We may be a day late, but it's never the wrong time to celebrate the birthday of the king of rock 'n' roll, Elvis Presley!
A lot of people take cheap shots at Elvis' movie career, and he was never very excited about the fact that no one took him seriously, but there is a ton of joy to be gleaned from these films, and I could not be happier that chunks of his on-screen ouevre are making it to Blu-ray every year. The latest trio of HD upgrades come from the Elvis friendly Twilight Time, who've previously released Big E's genuinely great western, Flaming Star, with a new upgrade of boxing musical Kid Galahad, and Kino Lorber Studio Classics with Dixie steamboat romance Frankie & Johnny and rear projection speed boat actioner Clambake.
Click through the gallery below for more detailed thoughts.
First up is the film that has the unique honor of introducing the greatest rock 'n' roll singer of all time to Hollywood's biggest badass, Kid Galahad.
In this film, Elvis plays the titular singing boxer managed by Gig Young and trained by none other than the legendary Charles Bronson.
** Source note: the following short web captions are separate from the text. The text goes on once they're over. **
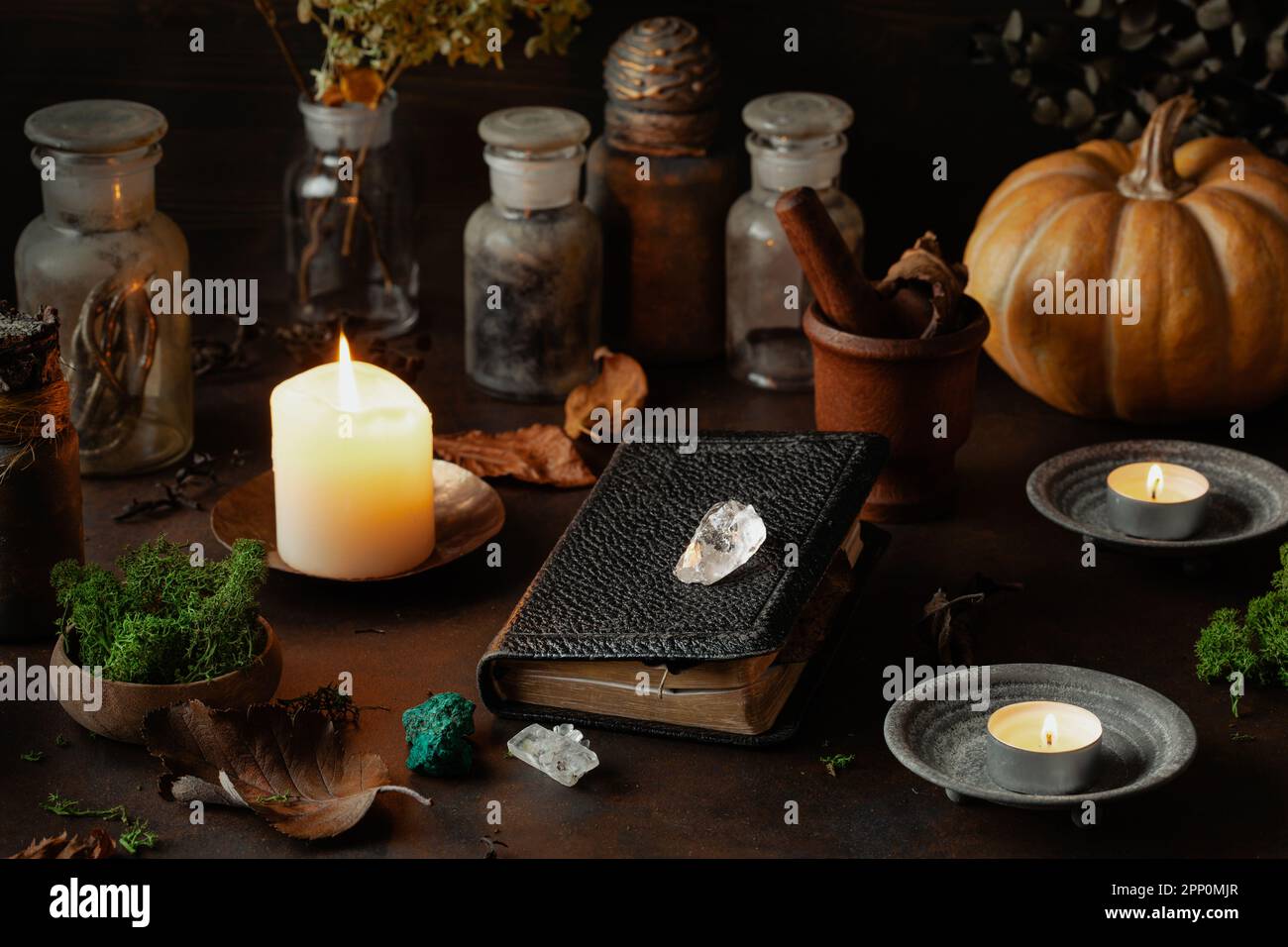 Witchcraft still life concept with potion, spell book, herbs ingredients candles and magical equipment Stock Photo
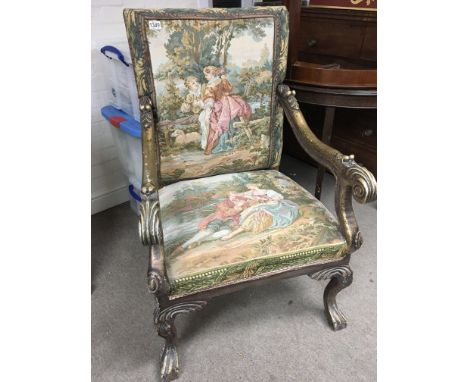 An Early 18th century style open arm chair with gilded scroll arms and legs and a tapestry covered back and seat.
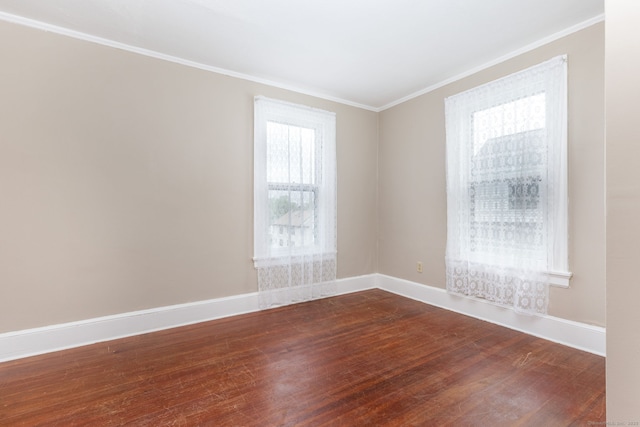 650 Broadview Ter, Hartford, CT 06106 - spare room featuring ornamental molding, dark wood-type flooring, and baseboards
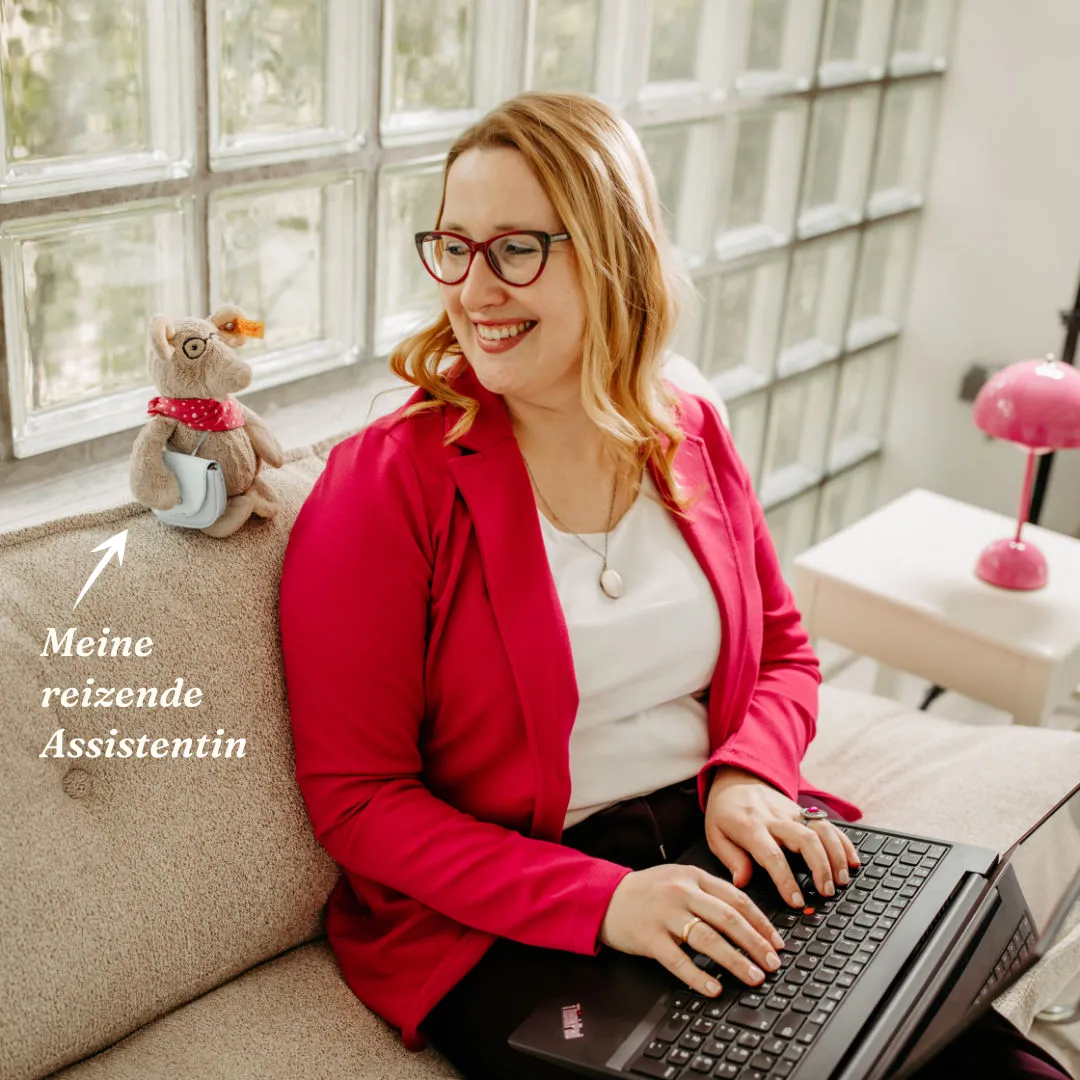 Smiling Louisa Hoffschult in pink blazer typing on laptop with stuffed animal Liesel Leseratte and German text on couch beside her.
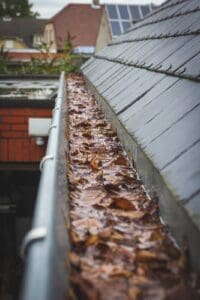 Clogged rain gutters full of leaves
The film is a remake of a 1937 film starring Edward G Robinson, Bette Davis, Humphrey Bogart, and directed by Michael Curtiz, and while Elvis and Chucky Bronson may lag a bit behind in terms of raw acting chops, they far outpace the original when it comes to uptempo dance numbers.
Kid Galahad doesn't try to reinvent the wheel and delivers a few passable boxing sequences buffered by several delightful musical numbers and Lola Albright as Galahad's love interest. Also worth noting is that the film offers up the big screen's first look at Ed Asner in a cupporting role. Kid Galahad isn't Gone with the Wind, but Elvis and Bronson make for a great sympathetic team and the film is a lot of fun.
Twilight Time presents Kid Galahad in a solid looking transfer that recreates the mid '60s experience of seeing the King on the big screen in a very effective manner. The audio presented is the original mono track and Elvis sounds great, what more could you want?
Apart from the theatrical trailer and Twilight Time's signature isolated music and effects track, the film also comes with an 8 page booklet featuring a fantastic essay by Julie Kirgo who is able to place the film inside of Big E's surprisingly robust filmography, as well as filling in the gaps around his numerous illustrious co-stars. It's a great read and definitely welcome given the lack of more in-depth video based extras.